Hi Joseph, hope you're well today. Thanks for the podcast, for those yet to download it, what should people expect?
"The podcast is basically me performing live at Cargo in London from a couple of weeks ago at our Cubism Records night, so this is the sound of me on stage in front of a crowd going crazy.”
Sounds like things went off. We enjoyed last year's ‘Reworked' album too. Is there anything you'd change about it now?
“It was a great release, made up of a lot of original material, and a few bits and bobs that had already been released. The concept was to take elements of my live show which were reworked by myself, and lots of remixers, and I thought that was a great idea."
“Whether it stood up as an album to listen to at home is a different story altogether though, but that was never the intention. This was more for DJs really. My previous albums had been as much at home on an iPod as in a club, whereas this wasn't. So in retrospect I would have maybe liked to include some deeper, more experimental stuff on there too.”
Your calling card is the ‘on the fly' approach to playing live. How did that evolve?
“Well I was never a DJ. I used to release records when vinyl sales were really healthy. Then the bottom fell out of that market, and this was before the whole MP3 thing had properly kicked in with stuff like Beatport. So there was this massive gap, and the whole industry was pretty worried."
“There were no releases coming out, or very few, and around this time, roughly, Ableton came out. I had always loved making records in the studio by messing around with FX and loops or whatever, I loved my hardware too, and I found that I could combine the two with Ableton, and suddenly realised it was possible to make a track or some loops in the morning, and play them out in clubs that evening."
“At this point I think my career kind of started from scratch again, because I'd gone from putting stuff out on some great labels to all the distribution companies going bust, and in turn a lot of labels going the same way. So I was sending loads of stuff out and nobody could afford to press up vinyl at the time. It was frustrating. Then I decided to try and take my sound out live, and concentrate on live performances.”
Do you think that dance music is losing the spontaneity records afforded it?
“I don't know. I mean there are two types of DJs, and two types of live acts. Obviously that's a massively sweeping statement, and I don't want to put people in boxes or whatever, but some DJs will turn up with their set planned, others just arrive and play what they feel like."

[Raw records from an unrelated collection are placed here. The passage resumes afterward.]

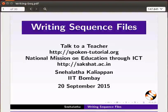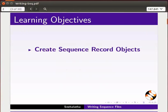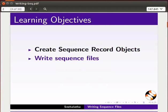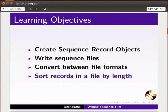Hello everyone, welcome to this tutorial on writing sequence files. In this tutorial, we will learn how to create sequence record objects, write sequence files, convert between file formats, and sort records in a file by length.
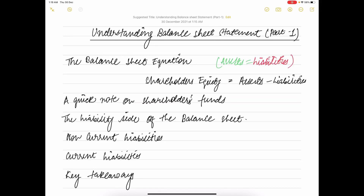Hello everyone, welcome to Finance by Vishan Arpata. In today's video we'll understand the balance sheet statement. While the P&L statement gives us information about a company's profitability, the balance sheet gives us information about assets, liabilities, and shareholders' equity. The P&L statement discusses profitability for the financial year under consideration, so it is standalone. However, the balance sheet is prepared on a flow basis — it has financial information about the company right from the time it was incorporated, discussing how the company has evolved financially over the years.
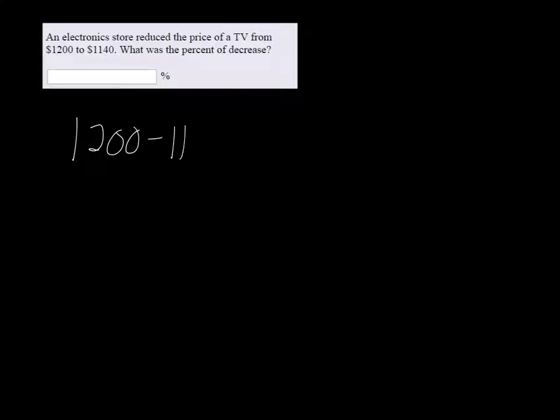So these are done the same way every time. You're going to subtract the two numbers, large minus small, and divide it by the original number.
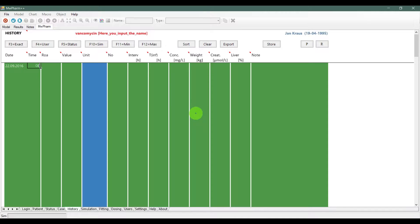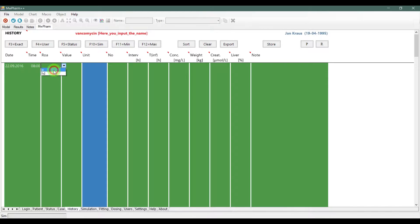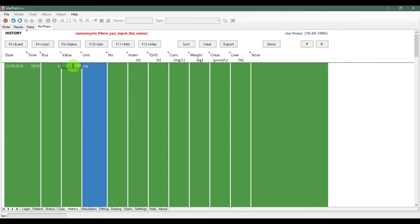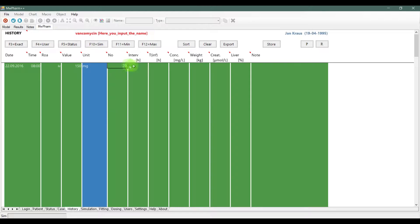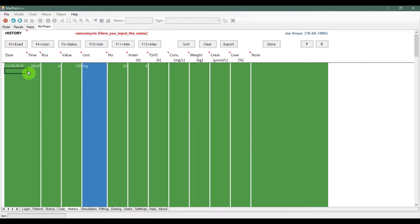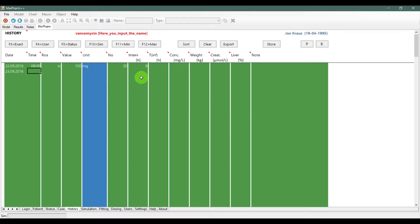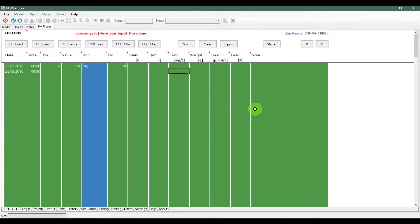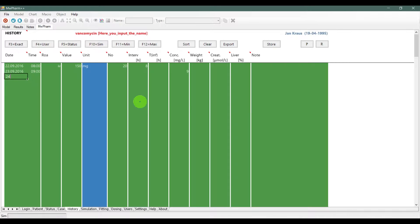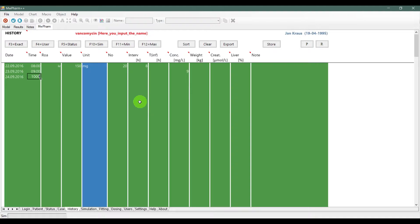Now, you have been transferred to the history tab. Here, you can input the doses and measurements you made. To test this, we will dose our patient with 150 mg of vancomycin four times a day. We will also create two measurements of the drug, so we can fit the data later.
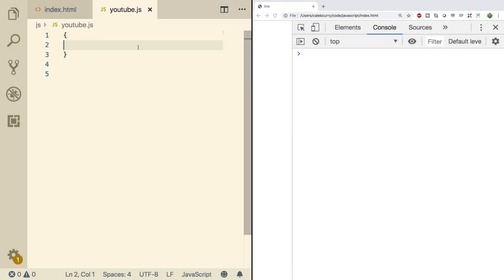Hey, what's going on everybody, welcome back to your JavaScript tutorial series. This video we are going to go through a sample of creating an arrow function and understand the syntax of how to make that work.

“I'm somewhere in between the two; I have everything in an order and I can play it in an order, though nothing happens if I don't make it happen; triggering samples, creating breakdowns. But at the same time I can totally improvise, I've got the last two or three years worth of work with me when I play, so I can go off in any direction.”
You used to be a sound engineer at clubs like London's legendary The End. Are you regularly disappointed with soundsystems?
“Yeah, I am actually. Obviously there are some great systems out there, and if it's working, sounds OK, and people are into it that's the main thing for me. But I have been to some high profile places where the sound has been shocking- some places don't think it's important to have a sound engineer.”
Finally, what's coming up in the near future for you?
“Quite a lot actually, let me see… I'm going out to Rome soon to play somewhere called the Animal Social Club, where Loco Dice recently headlined. It's a cool members club, so I'm looking forward to that."
“Then I've got a gig at a party in London called We Are Vague, which is at a place called The Russian, which I'm not sure if you know of but it's like a proper rave den. After that I'm playing in Poland twice in March, then Ireland so plenty of stuff coming up on that front."
“Production-wise things are looking pretty busy too. I have a few solo projects coming up, on Cubism and other labels, and I'm also working with a couple of people on some other music, including Paul Loraine, Deepgroove, Blind Minded, and Alex Maxwell, so I'm in the studio a lot collaborating at the moment, which is great.”